É neste contexto que, em 12 de Novembro de 1288, o Abade de Alcobaça, os Priores de Santa Cruz de Coimbra, do Mosteiro de S. Vicente de Lisboa, e mais vinte e quatro priores e reitores de várias paróquias se reúnem em Montemor-o-Novo e, numa petição, dirigida ao Papa Nicolau IV, comunicam haver tratado com o rei a criação de um «studium generalle apud nobilissimam suam ciuitatem ulixbonensem». Com efeito, explicavam, tornava-se imperativa a fundação de um Studium nacional, já que muitos, «desejosos de estudar e entrar no estado clerical, atalhados com a falta das despesas e descómodos dos caminhos largos, e ainda dos perigos da vida, não ousam e temem ir estudar a outras partes remotas, recendo estas incomodidades». Terminava a petição, dando notícia de que se resolvera ser o novo Estudo sustentado por rendas eclesiásticas, e solicitando, ao Pontífice, a confirmação de tudo o resolvido. 

Há, assim, a considerar, como dado firme, o de que, em Novembro de 1288, existia já acordo do clero e do rei para a criação de um Estudo Geral.

Quando, porém, terá, efectivamente, começado a funcionar o Estudo?

Até há pouco tempo, constituía opinião pacífica a de que a Universidade fora fundada  por uma carta régia, de 1 de Março de 1290, carta essa encontrada e publicada por António de Vasconcelos, em 1912. 
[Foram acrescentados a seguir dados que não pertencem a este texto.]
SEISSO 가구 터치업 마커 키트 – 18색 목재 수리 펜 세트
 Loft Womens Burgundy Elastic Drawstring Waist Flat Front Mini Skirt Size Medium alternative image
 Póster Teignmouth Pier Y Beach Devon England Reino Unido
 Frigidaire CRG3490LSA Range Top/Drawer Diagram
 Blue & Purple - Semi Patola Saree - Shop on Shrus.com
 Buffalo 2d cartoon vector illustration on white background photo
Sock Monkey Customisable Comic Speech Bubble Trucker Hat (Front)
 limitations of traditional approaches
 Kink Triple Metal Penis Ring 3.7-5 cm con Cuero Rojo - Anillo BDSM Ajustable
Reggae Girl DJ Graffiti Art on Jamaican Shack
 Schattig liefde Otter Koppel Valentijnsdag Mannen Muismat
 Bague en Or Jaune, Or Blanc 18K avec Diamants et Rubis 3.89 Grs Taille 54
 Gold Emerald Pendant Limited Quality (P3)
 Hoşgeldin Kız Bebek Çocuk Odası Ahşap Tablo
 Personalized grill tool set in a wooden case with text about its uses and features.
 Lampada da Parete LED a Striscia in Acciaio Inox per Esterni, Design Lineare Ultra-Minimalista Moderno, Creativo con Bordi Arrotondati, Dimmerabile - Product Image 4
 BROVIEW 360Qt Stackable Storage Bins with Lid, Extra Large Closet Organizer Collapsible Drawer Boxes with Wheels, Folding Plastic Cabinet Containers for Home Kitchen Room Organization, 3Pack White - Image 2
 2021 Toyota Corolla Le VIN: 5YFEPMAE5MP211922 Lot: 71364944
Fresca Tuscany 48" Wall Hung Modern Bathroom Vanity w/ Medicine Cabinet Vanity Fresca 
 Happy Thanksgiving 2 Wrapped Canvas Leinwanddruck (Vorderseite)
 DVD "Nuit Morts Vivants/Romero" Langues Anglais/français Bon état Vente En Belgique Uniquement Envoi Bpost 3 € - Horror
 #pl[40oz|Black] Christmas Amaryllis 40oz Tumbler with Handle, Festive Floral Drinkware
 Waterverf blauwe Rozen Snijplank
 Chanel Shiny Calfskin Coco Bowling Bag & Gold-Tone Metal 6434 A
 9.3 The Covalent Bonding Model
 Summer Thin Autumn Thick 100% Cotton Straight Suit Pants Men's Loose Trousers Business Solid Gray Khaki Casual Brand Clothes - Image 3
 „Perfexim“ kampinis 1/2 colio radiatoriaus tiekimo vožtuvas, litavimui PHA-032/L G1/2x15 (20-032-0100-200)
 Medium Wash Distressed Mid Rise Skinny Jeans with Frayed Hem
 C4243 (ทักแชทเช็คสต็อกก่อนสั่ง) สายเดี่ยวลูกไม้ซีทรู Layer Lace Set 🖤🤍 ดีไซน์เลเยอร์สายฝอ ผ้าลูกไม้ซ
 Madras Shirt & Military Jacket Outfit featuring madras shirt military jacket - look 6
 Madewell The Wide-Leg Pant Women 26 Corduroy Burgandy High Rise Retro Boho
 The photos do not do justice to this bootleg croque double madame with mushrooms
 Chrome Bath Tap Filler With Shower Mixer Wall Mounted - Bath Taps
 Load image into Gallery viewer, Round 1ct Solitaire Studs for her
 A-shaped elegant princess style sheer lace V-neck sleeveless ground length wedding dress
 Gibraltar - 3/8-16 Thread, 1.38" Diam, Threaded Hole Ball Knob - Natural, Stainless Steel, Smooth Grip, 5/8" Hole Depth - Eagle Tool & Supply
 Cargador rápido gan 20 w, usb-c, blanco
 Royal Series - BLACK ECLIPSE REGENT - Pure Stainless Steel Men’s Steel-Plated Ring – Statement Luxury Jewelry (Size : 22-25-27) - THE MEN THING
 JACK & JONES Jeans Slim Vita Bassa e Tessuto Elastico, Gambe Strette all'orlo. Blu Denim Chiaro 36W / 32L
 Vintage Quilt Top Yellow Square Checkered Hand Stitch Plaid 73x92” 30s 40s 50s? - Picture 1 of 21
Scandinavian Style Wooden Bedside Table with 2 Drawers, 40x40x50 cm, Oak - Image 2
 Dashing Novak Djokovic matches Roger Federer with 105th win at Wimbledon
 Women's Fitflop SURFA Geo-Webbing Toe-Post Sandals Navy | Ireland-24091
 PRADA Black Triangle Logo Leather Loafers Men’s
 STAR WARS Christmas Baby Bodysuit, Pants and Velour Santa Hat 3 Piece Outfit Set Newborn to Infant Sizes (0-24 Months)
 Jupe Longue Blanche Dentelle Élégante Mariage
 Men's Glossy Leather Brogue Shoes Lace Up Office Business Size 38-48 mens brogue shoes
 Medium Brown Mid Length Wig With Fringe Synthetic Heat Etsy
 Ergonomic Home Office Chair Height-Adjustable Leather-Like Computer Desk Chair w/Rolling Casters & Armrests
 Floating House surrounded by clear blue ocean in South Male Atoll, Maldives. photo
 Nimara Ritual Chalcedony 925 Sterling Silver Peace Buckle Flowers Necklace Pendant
Foi, todavia, esta opinião criticada por Marcello Caetano, que demonstrou não se poder atribuir à carta de 1 de Março de 1290 o pretendido significado. Com efeito, da análise do texto do documento se deduz que, à data da sua expedição, já o rei tinha instituído e se encontrava em funcionamento o Estudo Geral de Lisboa;  o objectivo da carta foi, tão somente, o de favorecer o desenvolvimento do novo Estudo, concedendo mais privilégios, nomeadamente o de protecção e segurança «a todos os que nele estudam ou queiram de futuro estudar». 

Deste modo, parece ser melhor opinião a de que a Universidade foi criada em data que se desconhece, e se situa entre 12 de Novembro de 1288 (data da súplica a Nicolau IV) e 1 de Março de 1290 (data em que já funciona o Estudo e se ampliam os seus privilégios).

É também, no ano de 1290, em 9 de Agosto, que o Papa Nicolau IV, pela bula De statu regni portugallie, veio sancionar a fundação.

É a bula endereçada à «uniuersitati magistrorum et scollarium Vlixbonensi», isto é, à universitas (pessoa moral, pessoa colectiva) formada por mestres e estudantes. Nesse documento, diz o Papa ter tido conhecimento de que D. Dinis havia fundado em Lisboa estudos de cada uma das faculdades lícitas, que seriam mantidos com auxílio eclesiástico; dá o Pontífice a sua aprovação ao realizado. Em seguida, pede ao rei que obrigue os cidadãos lisboetas a arrendar aos estudantes casas devolutas, de acordo com renda a ser estabelecida por doisclérigos e igual número de leigos, ajuramentados, eleitos pelos interessados e pelos cidadãos. Pede, também, ao rei, que faça prometer às autoridades concelhias a garantia de segurança e imunidade de pessoas e bens dos estudantes e, ainda, dos seus mensageiros. 

Por outro lado, autoriza Nicolau IV os mestres que sejam titulares de ofícios eclesiásticos a receber os pertinentes proventos, mesmo que não exerçam os seus ofícios; concede, ainda, a mestres, estudantes e seus criados, o privilégio de, tendo praticado algum delito, serem julgados em tribinal eclesiástico (privilégio de foro eclesiástico).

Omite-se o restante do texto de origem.